Luxury longevity clinics expand across aging Asian markets
Hotels, wellness clinics and insurers are chasing demand for longer healthy lives, while researchers warn evidence for many treatments remains thin.
By Hana Yoshida · Markets Reporter
4 min read
High-end longevity clinics are spreading in Asia as older populations and rising wealth create demand for services that promise healthier aging. Fortune reports that the growth is drawing luxury hotels, wellness operators and insurers into a market where scientists say consumer interest is running ahead of proof.
Asia’s demographics are a major driver. Fortune reports that by 2030, one in four people in Asia will be over 60, while Japan, South Korea, Taiwan and Singapore already qualify as “super-aged” societies, with Thailand and Malaysia close behind.
The business now sits at the intersection of hospitality, medicine and wellness. In Singapore, Fortune described Rekoop as offering treatments such as red light therapy, lymphatic massage and hyperbaric oxygen therapy, while METT Singapore partnered with European anti-aging operator the Longevity Suite to open an Asian branch inside the hotel.
Capella has also announced a Bangkok project of 262 wellness-integrated branded residences, according to Fortune, with services such as a wellness concierge and biometric checkpoints for residents.
A luxury market built around healthy aging
Andrea Maier, a gerontology professor at the National University of Singapore, told Fortune that consumers increasingly want to stay independent and productive as they age, rather than only add years to life. The industry often describes that goal as extending “healthspan,” or the years spent in good health.
Fortune reports that higher incomes in Asia are adding to demand for preventive health services, advanced medical tools and better insurance options. Lau Kong Cheen, a marketing expert at the Singapore University of Social Sciences, told Fortune that the pandemic also pushed some consumers to view health and well-being as central to luxury spending.
The offerings often combine newer equipment with older traditions. Ada Lo, an associate professor at Hong Kong Polytechnic University, told Fortune that U.S. longevity services are often tied to performance tracking, supplements and biohacking, while Asian offerings tend to blend diagnostics, traditional healing, meditation, food-based wellness and premium service.
Fortune reports that some resort and clinic brands are adding traditional Chinese medicine and Ayurvedic elements to their programs. Nort Janssen, chief executive of the Longevity Suite Asia, told Fortune that the company’s Asia-Pacific branches will include Western diagnostics as well as Ayurvedic and traditional Chinese medicine assessments.
Evidence remains uneven
Researchers cited by Fortune cautioned that many treatments sold as longevity services do not yet have the evidence base of established medical care. Maier told Fortune that public excitement has moved faster than scientific validation, especially for claims around red light therapy and cold exposure as ways to extend healthspan.
A 2025 study in PLOS One found that hot and cold plunges helped speed post-exercise muscle recovery in men, but not in women, according to Fortune. Maier also told Fortune that evidence for routine NAD+ supplementation in healthy adults remains limited and warned that stem-cell therapies can carry risks including immune rejection and teratoma tumors.
The biotechnology sector is also studying treatments that may affect aging-related health. Fortune reports that studies of GLP-1 drugs have shown improvements in health measures including blood glucose, cardiovascular death rates and chronic kidney disease progression, while Insilico Medicine founder Alex Zhavoronkov said at Fortune’s Innovation Forum that GLP-1s show signals as potential longevity drugs.
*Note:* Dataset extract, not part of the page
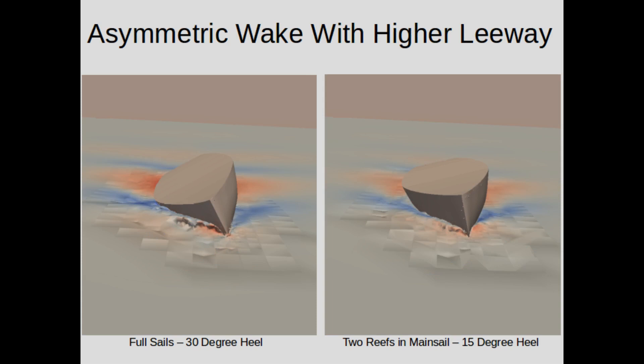Now we're going to ignore the sails and superstructure and just concentrate on the hull. In the unreefed case on the left, besides being heeled more, the hull is also being forced sideways through the water — in other words, it has more leeway. Look at how that affects the wake: you can see water piling up on the left-hand side of the hull, which is literally the hull being forced sideways through the water.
Cost is another barrier. Fortune reports that Chi Longevity, co-founded by Maier, sells packages from 4,250 Singapore dollars, or about $3,290, to 18,000 Singapore dollars, or about $13,920. Janssen told Fortune the Longevity Suite is aimed at ultra-wealthy customers.
Drug costs can also be high. Fortune cited Novo Nordisk pricing Ozempic at about $350 to $500 a month, while Wegovy costs $1,350 a month through Sesame Care.
Zilmiyah Kamble, a senior lecturer at James Cook University in Singapore, told Fortune that longevity sold only as a luxury product risks widening the divide between people who can pay for preventive wellness and those who cannot. Fortune reports that major regional insurers including Ping An, AIA and Prudential generally do not cover elective longevity treatments.
Maier told Fortune that the strongest-backed ways to extend healthy years remain familiar measures: exercise, nutrition, sleep, vaccination, mental well-being and early disease detection. Those interventions are cheaper than many clinic packages, even if they lack the luxury industry’s polish.
This story draws on original reporting from Fortune.